The dismissed employee filed a claim before labor court to challenge the dismissal. An appeal was then filed, arguing that the dismissal was not for a real and serious grounds, particularly on the grounds that the August 29 letter should be considered a disciplinary warning, meaning the employer had exhausted their disciplinary powers. The employer then appealed to the Supreme Court.
The employer criticized the Colmar Court of Appeal for ruling that the dismissal was without real and serious grounds, and for condemning the employer to pay various sums to the employee, arguing that:
- The employer may consider all the wrongful acts committed by the employee, the exact nature, scope, and seriousness of which could only be known after an internal investigation, in order to justify a dismissal for gross misconduct.
- The continuation of wrongful conduct by an employee allows the employer to rely on similar facts, including those already sanctioned, to characterize a gross misconduct.
The Supreme Court, referencing Article L.1331-1 of the French Labor Code, reminded that although the same wrongful act cannot lead to double sanction, the continuation of wrongful behavior by an employee allows the employer to rely on these acts, including those already sanctioned, to establish a gross misconduct.
It applied this principle to situations where the employer discovers wrongful acts after the initial sanction, regardless of the exact dates of the acts. In this case, despite the initial report made on August 17, 2018, it was only after the internal investigation that the company became aware of the severity of the employee’s actions, thanks to testimony collected between September 8 and 11, 2018.
This ruling is of interest for several reasons:
- It reiterates a well-known principle: “The continuation of wrongful behavior by an employee allows the employer to rely on similar acts, including those already sanctioned, to characterize a gross misconduct” (Supreme Court, September 30, 2004, No. 02-44.030).
- It applies this principle to the post-sanction revelation (via an internal investigation) of the extent of the misconduct through new facts, thus confirming its previous case law (Supreme Court, April 16, 2015, No. 13-27.271).

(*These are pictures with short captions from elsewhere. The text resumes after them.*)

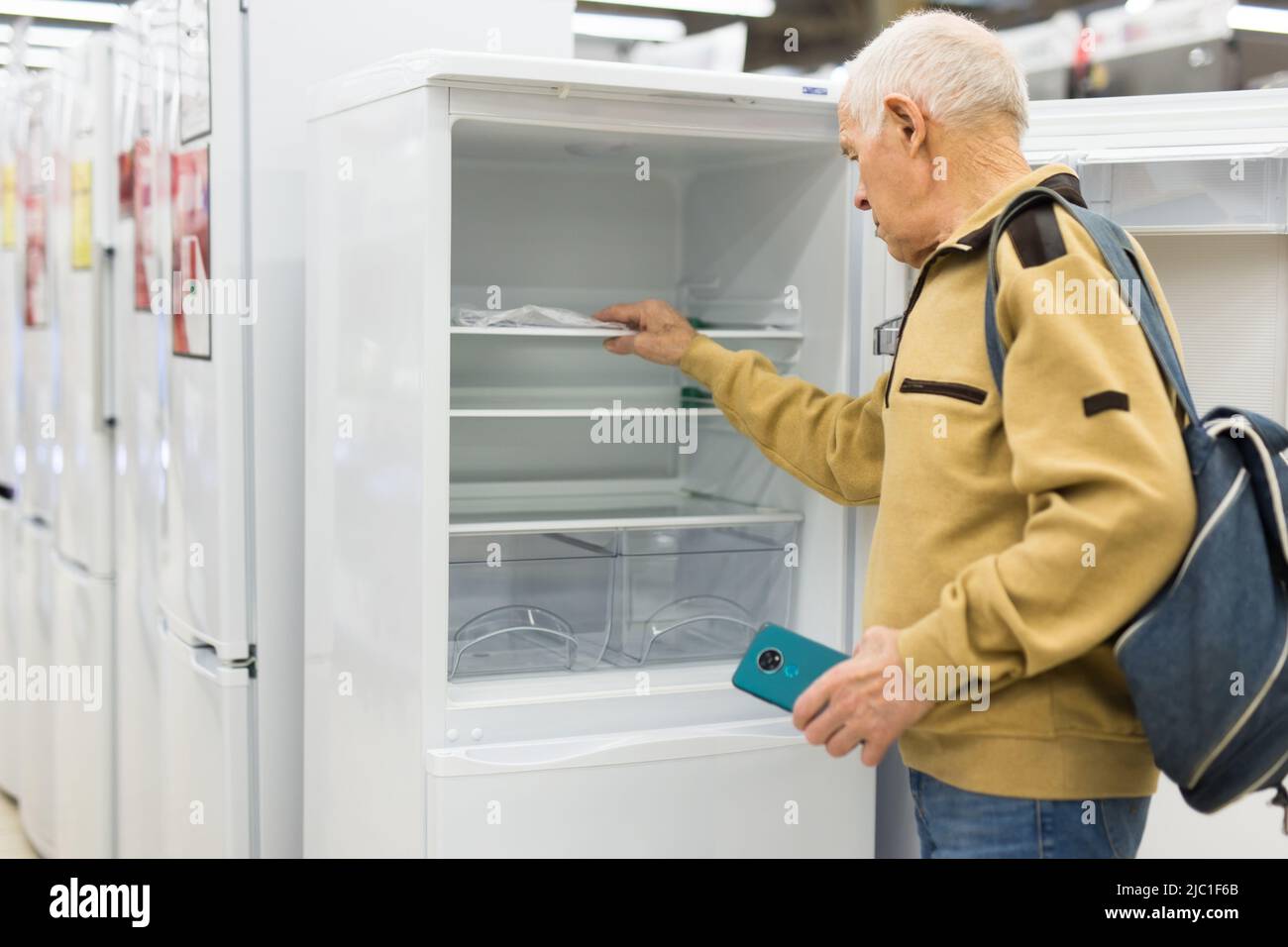 senor uomo pensionato acquistare frigorifero in showroom di elettrodomestici negozio Foto Stock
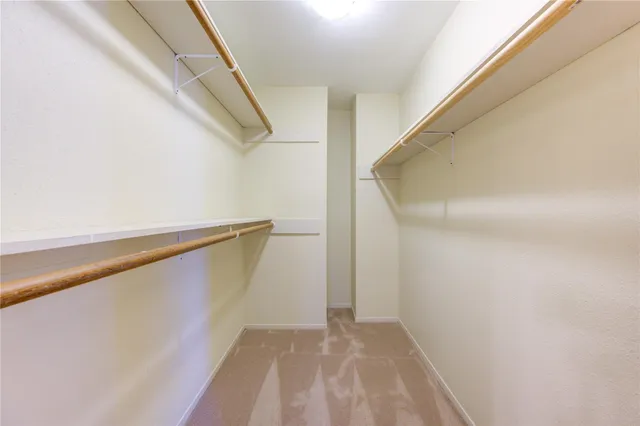 a view of staircase with railing and white walls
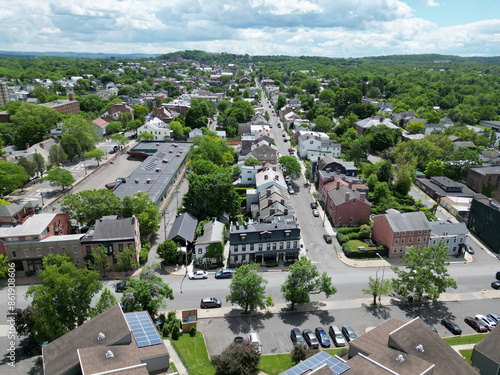 aerial view of hudson, new york (small hudson valley town city downtown historic district) mountains catskills ny travel destination main street with hills clouds cars tree matter
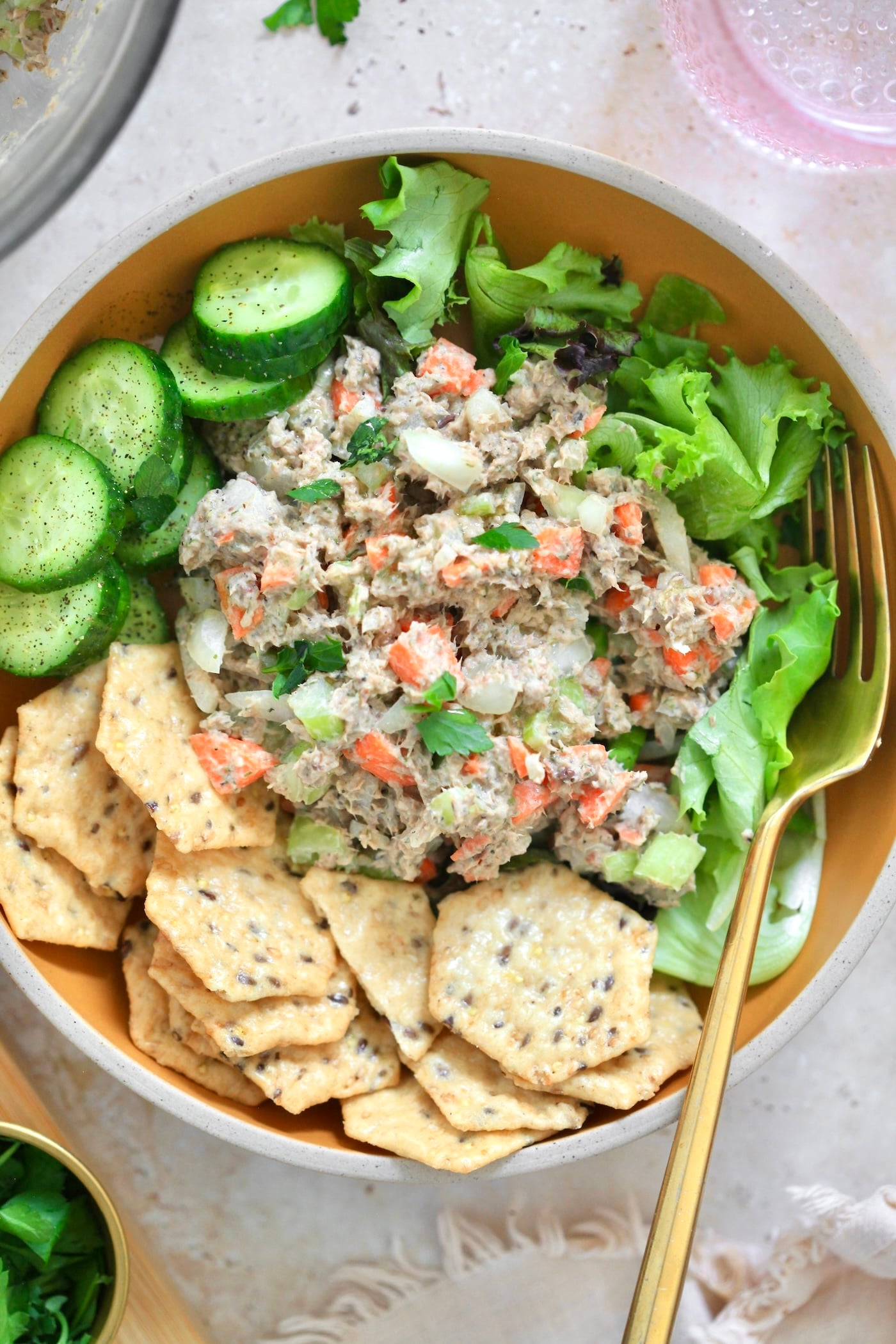 bowl with sardine salad and crackers and cucumbers.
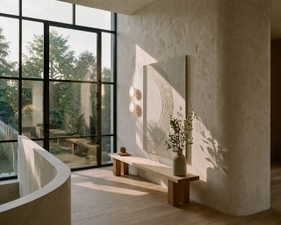 Two-story window wall with dark framing, curved plaster walls, and light wood-finish flooring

- It implicitly confirms the nature of a sanction in a meeting report sent to the employee during the investigation, where the employee’s actions are described as “intolerable“, and the employer requests the employee to improve their behavior.
This decision serves as a reminder to employers to be extremely careful when drafting letters/emails to employees that address their behavior, as such communications can easily be considered as warnings, thus potentially exhausting the employer’s disciplinary powers.
In the present case, if the testimonies gathered during the internal investigation had not revealed new aggravating facts, the decision of the Supreme Court would likely have been different.